Police Dispatch

Hitting the Wall

East River Road and North Dodge Boulevard, Dec. 19, 12:14 a.m.

A boy staying at a group home for juvenile delinquents attempted to escape from deputies who were going to arrest him, but instead ran head-first into a 7-foot brick wall, a Pima County Sheriff's Department report said.

The boy and a friend allegedly filled glass bottles with gasoline they had taken from a storage closet at the VisionQuest Group Home, 3571 E. River Road. A witness said they then placed gas-soaked rags into the bottles, lit them on fire and lobbed them against a wooden fence surrounding the perimeter of the establishment.

Deputies decided to book the boys at Pima County Juvenile Detention Center, allegedly causing one of them to flee. Two staff members restrained him, the report said, after he hit the wall.

The other boy "was no problem at all," a deputy noted.


Tip Your Officer

UA Area, Dec. 23, 1:15 a.m.

A man suspected of driving drunk held out a $20 bill when asked to furnish his driver's license, proof of insurance and registration, a University of Arizona Police Department report said.

Clinton Royal Beebe, 21, retracted the bill, and then handed the officer his driver's license, the report said.

The officer wrote that the suspect smelled of alcohol and was reluctant to make eye contact.

Beebe, who said he was driving a company car, failed sobriety tests that were administered on the scene.

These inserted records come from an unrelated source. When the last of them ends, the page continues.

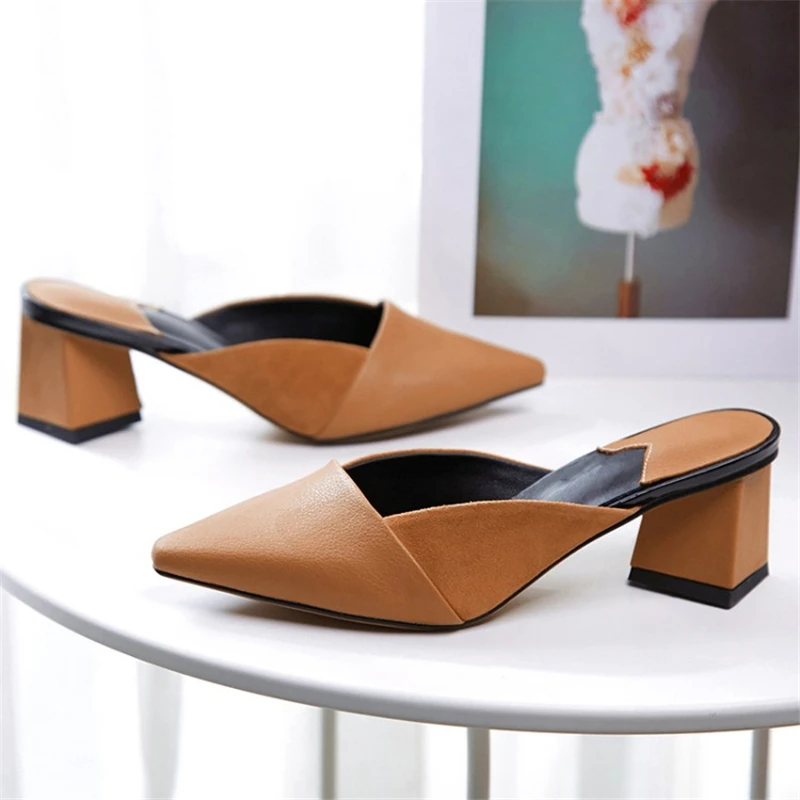 MSSTOR Strange Style Slippers Women Off White Yellow Genuine Leather Concise Fashion Summer Shoes Pointed Toe Mules Shoes Women MSSTOR Strange Style Slippers Women Off White Yellow Genuine Leather Concise Fashion Summer Shoes Pointed Toe Mules Shoes Women
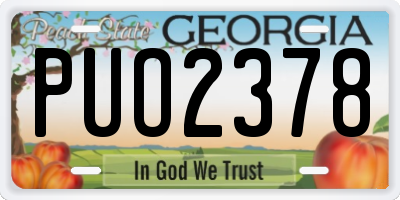 GA license plate PUO2378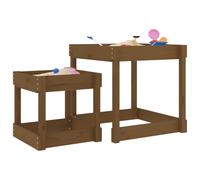 vidaXL Mesas de arena 2 uds madera maciza de pino marrón miel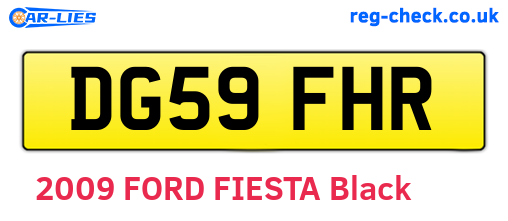 DG59FHR are the vehicle registration plates.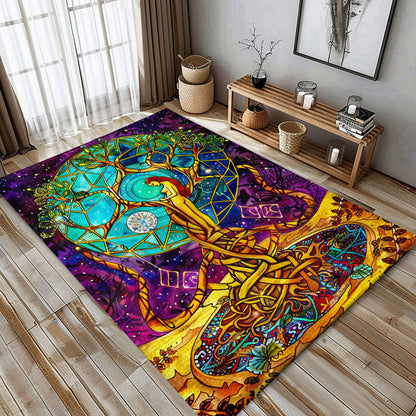 Unique Viking Area Rug: Tree of Life Design for Home, Personalized Carpet Viking, Viking Area Rugs for Living Room, Viking Carpet Bedroom, Popular Rug Full Size (3x5, 4x6, 5x8) V105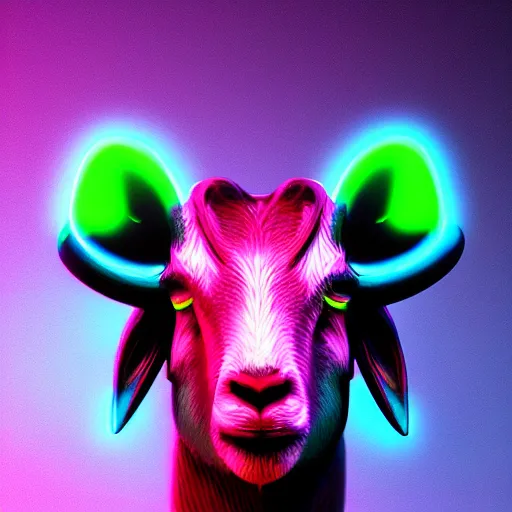 Image similar to synthwave goat face with neon horns, detailed face, sharp focus, synthwave art, aesthetic, octane render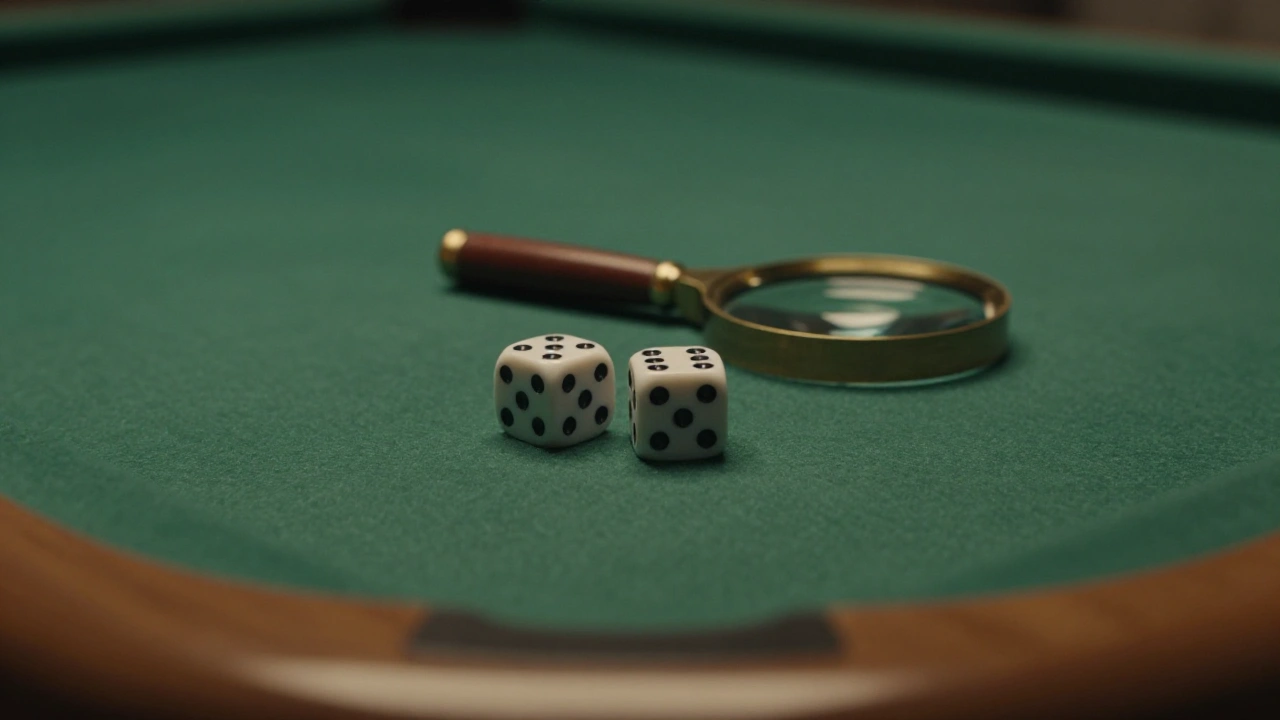 Two plain dice and a magnifying glass on green felt, symbolising blacklist checks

A breath test showed he had a blood alcohol content of .155, well above the legal limit of .08. Beebe reportedly admitted drinking four beers at a local bar before getting behind the wheel.

An officer arrested Beebe for driving under the influence.


The Mysterious Potato Bomb

West Overton Road and North La Cholla Boulevard, Dec. 17, 12:14 p.m.

A woman heard a loud noise while driving her son to karate class, and later discovered a potato lodged in her headlight, a PCSD report stated.

The woman said she was surrounded by two or three "SUV-type" vehicles when she heard the noise. She told a telephone operator that at first, she thought someone had blown a tire.

When she arrived at her destination, however, she found a potato had smashed a side headlight on her Ford Econoline van. The karate instructor told her he thought it was a "potato bomb."

Damages were estimated at $150. There were no suspects at the time of the report.